Handling of the case where big and little both want the same thing in their cach...

filereaper · on Sept 12, 2016

+1

Not just that, the ISA usually requires that a cache invalidation instruction be issued regardless of whether the chip's coherency will automatically detect and invalidate it.

In cases such as this post, it is perfectly valid for the silicon engineers to say that its the software's fault for not adhering to the ISA.

ChuckMcM · on Sept 12, 2016

Thanks for the update on the manual cache management!

I'll admit that I find the question of dissimilar cache line sizes into the same cache intriguing from an architecture point of view. It has me doodling all sorts of questions into my notebook.

brandmeyer · on Sept 12, 2016

I don't see why they have to do this in userspace at all. If they did:

* allocate read/write buffer

* JIT instructions into it

* change mapping to read/execute

* run the JITted code

Then the kernel manages flushing the data caches on the mapping change, and Mono gets to wrap a Somebody Else's Problem field around it. It sounds like they are instead:

* allocate read/write/execute buffer

* JIT instructions into it

* manually flush relevant data caches (with an assumption that the cache line size is constant)

* run the JITted code

rodrigokumpera · on Sept 12, 2016

That approach is harder to use in practice that in sounds. It's not like people have not tried it.
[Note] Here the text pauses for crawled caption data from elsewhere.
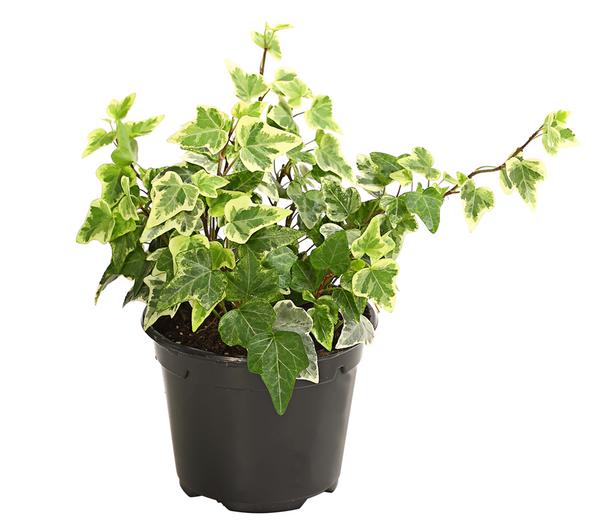 Efeu - Hedera helix, verschiedene Sorten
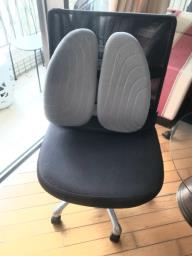 Aurora Swivel Chair And Back Rest image 1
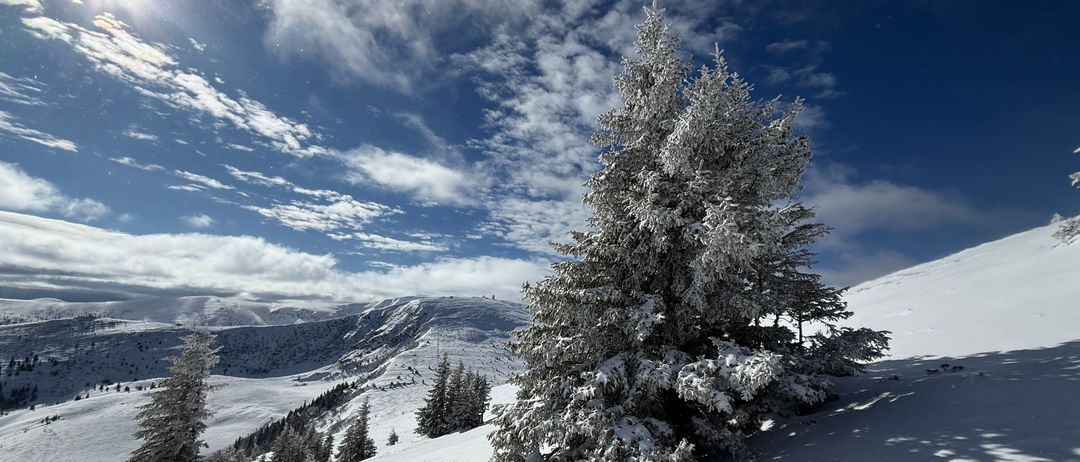 Eine verschneite Berglandschaft mit einem hohen, schneebedeckten Baum, unter einem klaren blauen Himmel mit verstreuten Wolken.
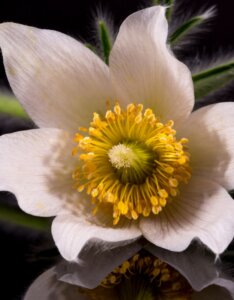 Pulsatilla vulgaris Alba - fleurs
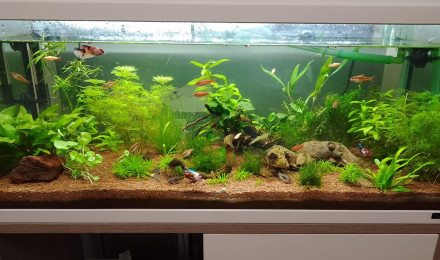 aquarium angelique david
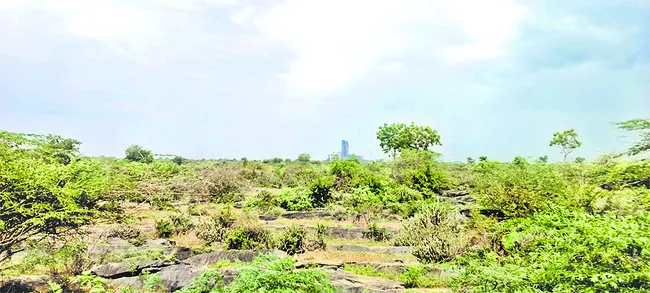 దాచేప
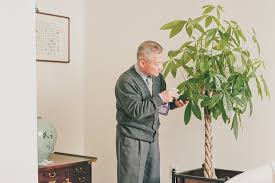 Check spelling or type a new query. Money Tree Meaning And Placement In Feng Shui Lovetoknow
The OS only let you alloc in large granules, like 4k or 16k, and the vast majority of the methods are significantly smaller than that, meaning a JIT must colocate multiple methods in the same allocation block or waste a significant amount of memory.

We could get around that by remapping memory between read/write to read/execute and have the OS solve the problem for us. Except for a couple of small details, modifying a memory mapping is very expensive and we're, well, in the performance business, and that mono is multi-threaded so one thread might be executing code from the exact page we just made non-executable.

This approach, IIRC, was tried by Firefox as it has some security advantages, but discarded due to the measurable performance impact - and they don't have the second problem as JS is single threaded.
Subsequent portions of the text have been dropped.